General Barron, I love your idea! If it works that is. I will test this later.

[Dwarden 1124]

actually if he is in air and so high his position may be relayed to all users below or all airplanes etc. ...

i prefer teleportation to some sea or empty "piece of land" far away from line of sight w/o any equip ...

or even simpler ... kick him off the server ...

bandwith/CPU/RAM resources are needed for fair players not some TK/cheat junk

[mattxr 9]

Like i said when the script finds someone with modifed files it should relay a hint to the rest of the players on the server saying he has cheats and if there is an admin present the admin can kick but if not the player will be punished and proberly leave.

[maddogx 13]

The anti cheat script already displays a message to all players - it even tells you what he has modified, such as:

Quote[/b] ]

CHEAT WARNING!

MadDogX is using modified CfgWeapons:

M4SPR->hit

M4SPR->indirectHitRange

Kicking a player off a server is not yet possible though, at least not the conventional way. It would be possible to crash his game with an endless loop though , as has been discussed earlier.

[Dwarden 1124]

The anti cheat script already displays a message to all players - it even tells you what he has modified, such as:

Quote[/b] ]

CHEAT WARNING!

MadDogX is using modified CfgWeapons:

M4SPR->hit

M4SPR->indirectHitRange

Kicking a player off a server is not yet possible though, at least not the conventional way. It would be possible to crash his game with an endless loop though , as has been discussed earlier.
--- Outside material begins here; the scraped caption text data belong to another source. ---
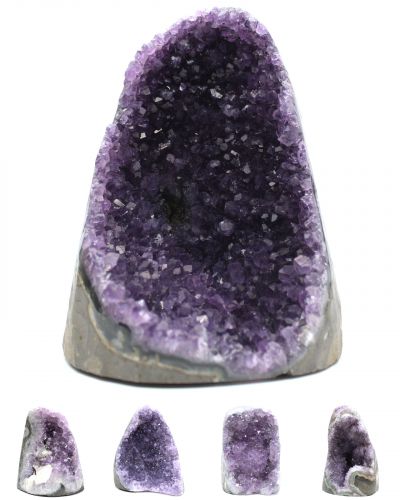 Amethist Brazilië collection november 2025 Amethist Brazilië collection november 2025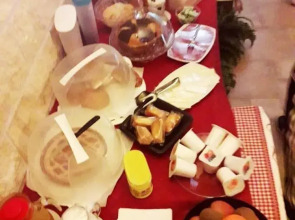 Affittacamere Valentino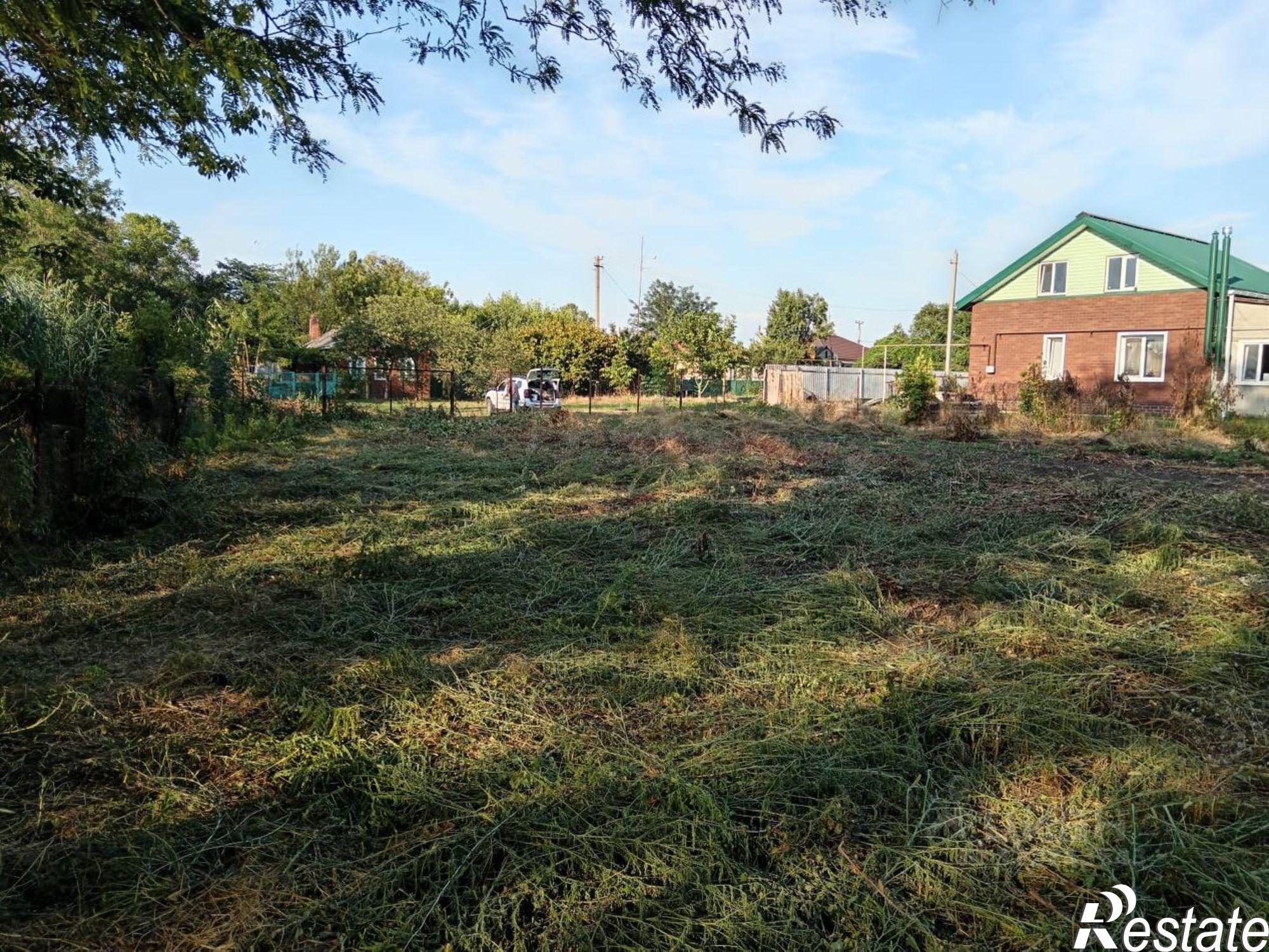 Купить землю, земельный участок за 6 000 000 рублей на Красная улица, 47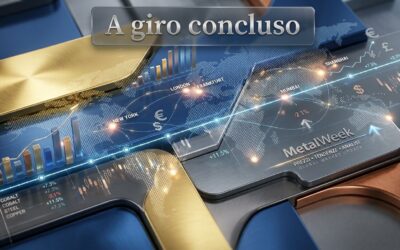 A giro concluso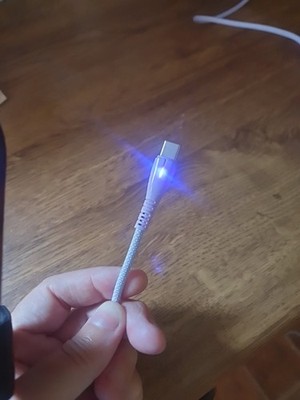 Fotos del artículo de un comprador verificado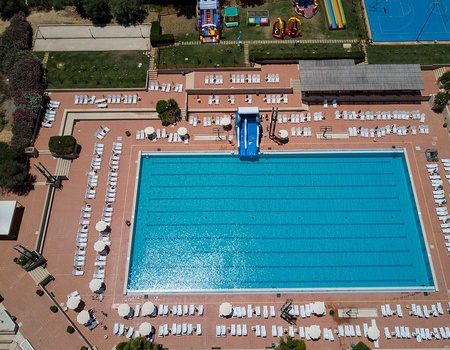 Club Lookéa Athena Resort Sicily - Arrivée Catane - Choix Flex 4* - 1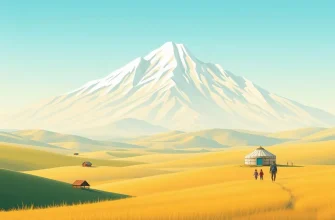 Films sur la Mongolie: Une aventure cinématographique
no crashing as this will lead to abuse and what IF error/bug happens ...

kicking isn't possible ? what about just invoke successfull votekick against volating player?

[maddogx 13]

The anti cheat script already displays a message to all players - it even tells you what he has modified, such as:

Quote[/b] ]

CHEAT WARNING!

MadDogX is using modified CfgWeapons:

M4SPR->hit

M4SPR->indirectHitRange

Kicking a player off a server is not yet possible though, at least not the conventional way. It would be possible to crash his game with an endless loop though , as has been discussed earlier.

no crashing as this will lead to abuse and what IF error/bug happens ...

kicking isn't possible ? what about just invoke successfull votekick against volating player?

The anti-cheat framework is written entirely in .SQF script and included into the mission itself. I may be wrong, but I know of no command in ArmA that can "invoke" a successful kick vote.

If there really is a way to do that, it would be extremely cool.